Segment Start: DATA EXTRACT

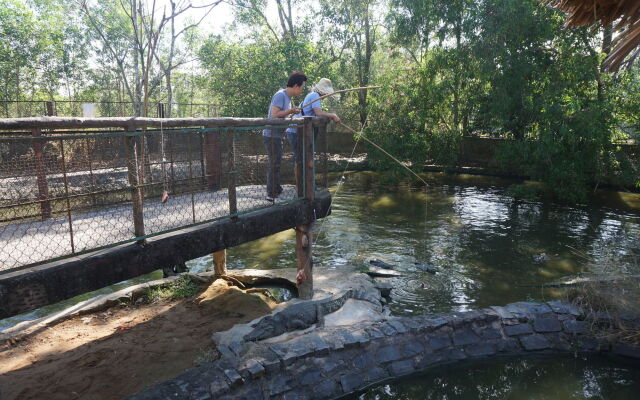 Minera Hot Springs Binh Chau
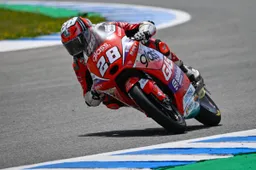 Moto3 Jerez: Izan Guevara, trionfo con mossa "alla Jorge Lorenzo"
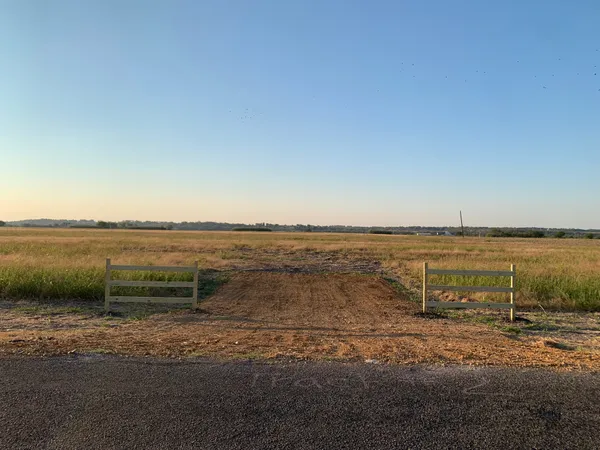 $285,000 | 3 County Road 425, Thorndale, TX 76577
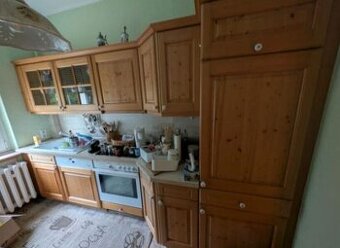 Borovicová kuchyně s vestavěnými spotřebiči,6014
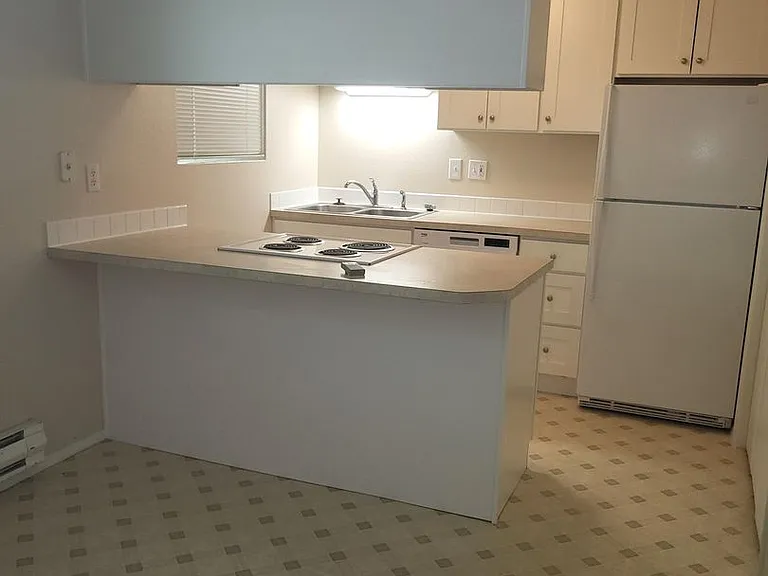 8309 Cirque Dr W #6 — Photo 3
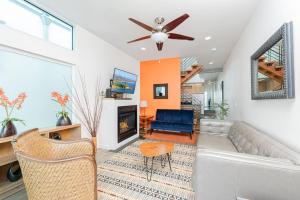 Modern Oceanview Tri-Level Condo Steps From The Beach By Beachview Rentals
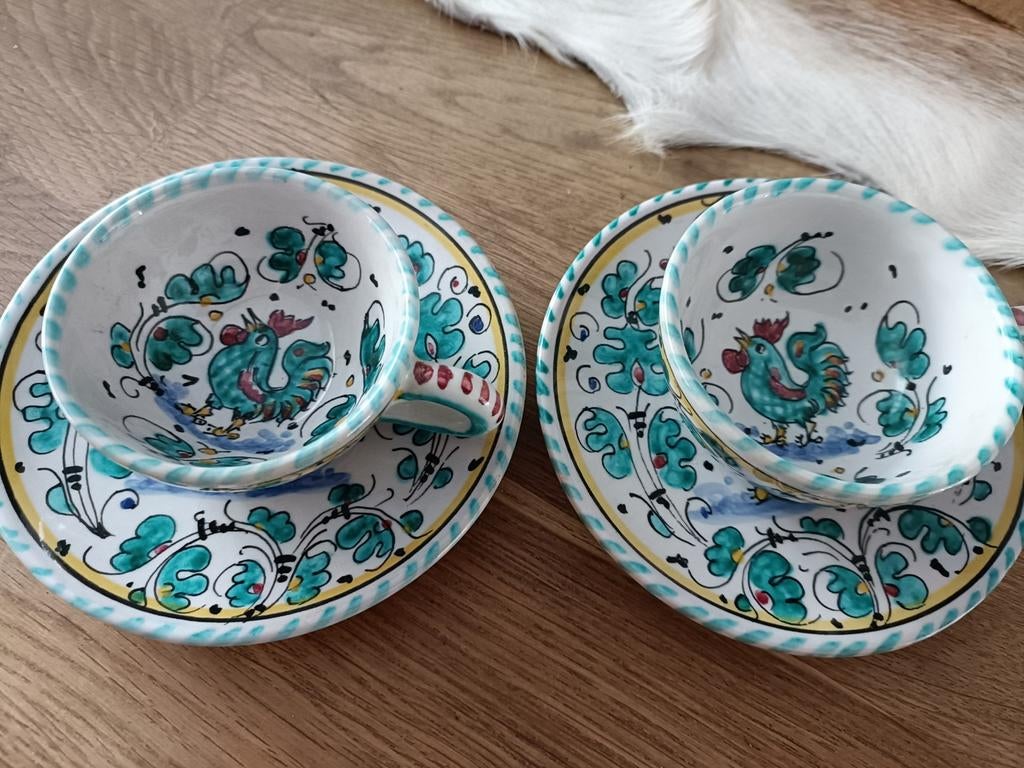 Set van 2 handgeschilderde Etrusca Deruta espressokopjes, Ophalen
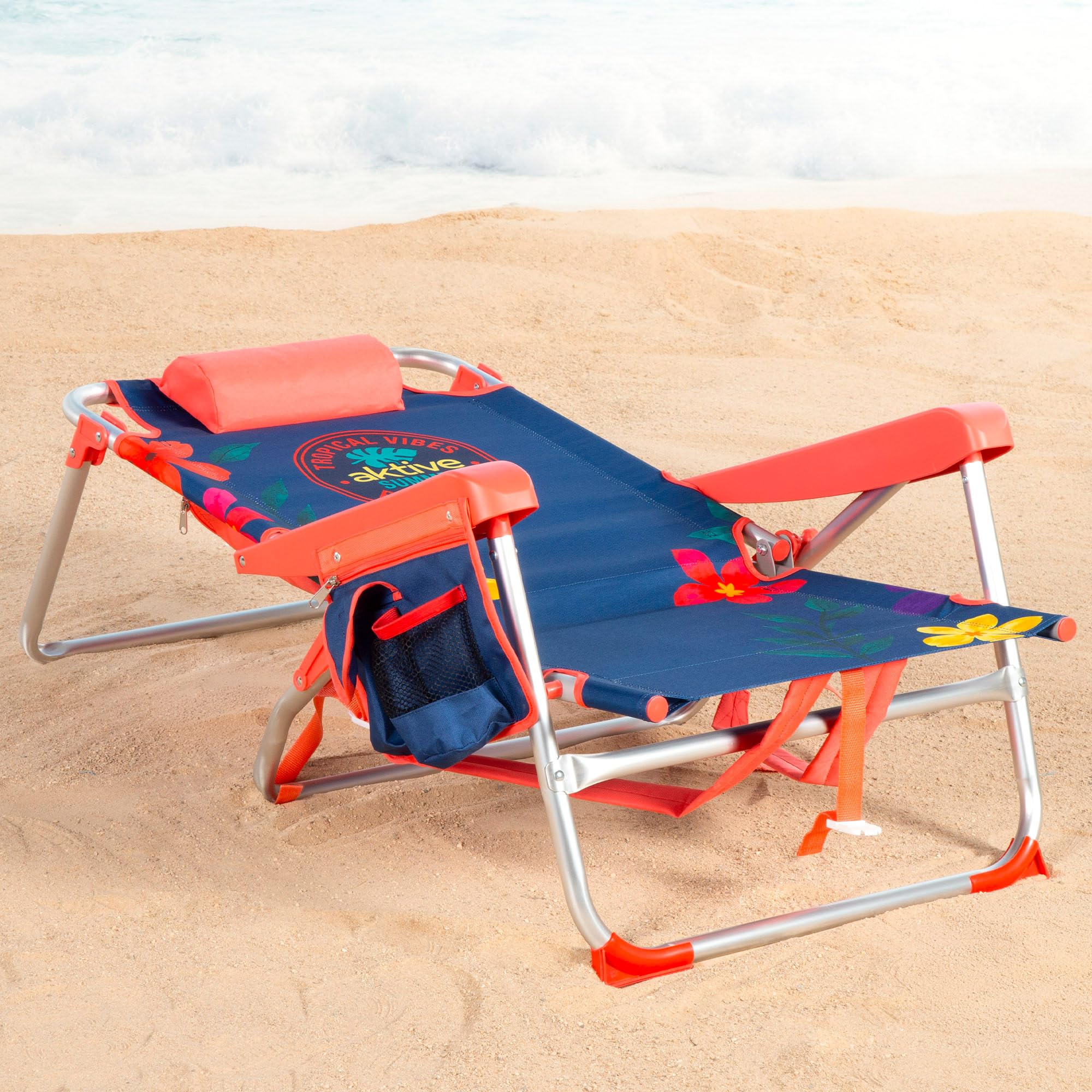 AKTIVE Silla de playa plegable reclinable, 50x54x80 cm, 5 posiciones, Reposacabezas acolchado, Bolsillos y asas mochila, Silla baja playa, Resistente hasta 110 kg (62512)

Segment End: DATA EXTRACT

- _TO DO_
Without the pictures, retype exactly the lines from the one that holds "Borovicová kuchyně s" to the last line of the data above, both of them included.

- _FINAL ANSWER_
 Borovicová kuchyně s vestavěnými spotřebiči,6014
 8309 Cirque Dr W #6 — Photo 3
 Modern Oceanview Tri-Level Condo Steps From The Beach By Beachview Rentals
 Set van 2 handgeschilderde Etrusca Deruta espressokopjes, Ophalen
 AKTIVE Silla de playa plegable reclinable, 50x54x80 cm, 5 posiciones, Reposacabezas acolchado, Bolsillos y asas mochila, Silla baja playa, Resistente hasta 110 kg (62512)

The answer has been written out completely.